#### WORK REQUEST
A faithful, picture-free copy of the listing below is required.

#### DATA SEGMENT
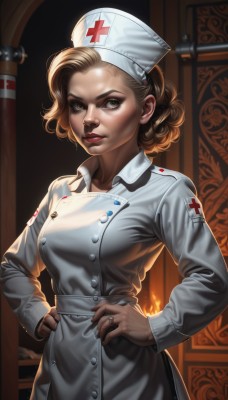 1girl,solo,breasts,looking at viewer,short hair,blonde hair,brown hair,long sleeves,hat,brown eyes,jewelry,medium breasts,closed mouth,standing,indoors,lips,makeup,buttons,cross,freckles,hands on hips,realistic,nose,nurse cap,red lips,nurse,red cross,ring,angry,curly hair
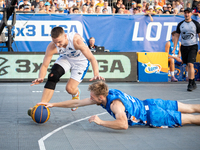 Kacper Ponitka and Krystian Zawadzki during the LOTTO 3x3 League basketball game in Sosnowiec, Poland, on September 8, 2024. Lotto 3x3 Liga...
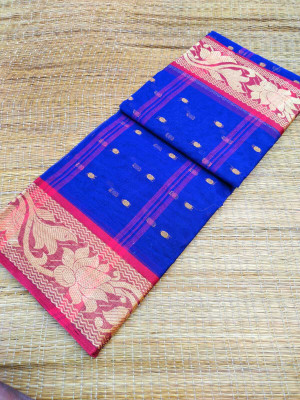 Maasaree Self Design Tant Pure Cotton Saree(Blue)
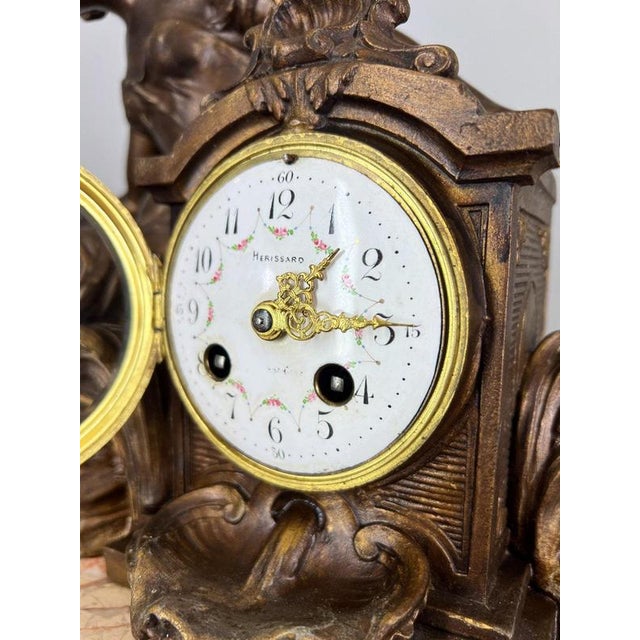 French Art Nouveau Style Bronze Mantel Clock Garniture For Sale - Image 9 of 16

#### ANSWER AREA
 1girl,solo,breasts,looking at viewer,short hair,blonde hair,brown hair,long sleeves,hat,brown eyes,jewelry,medium breasts,closed mouth,standing,indoors,lips,makeup,buttons,cross,freckles,hands on hips,realistic,nose,nurse cap,red lips,nurse,red cross,ring,angry,curly hair
 Kacper Ponitka and Krystian Zawadzki during the LOTTO 3x3 League basketball game in Sosnowiec, Poland, on September 8, 2024. Lotto 3x3 Liga...
 Maasaree Self Design Tant Pure Cotton Saree(Blue)
 French Art Nouveau Style Bronze Mantel Clock Garniture For Sale - Image 9 of 16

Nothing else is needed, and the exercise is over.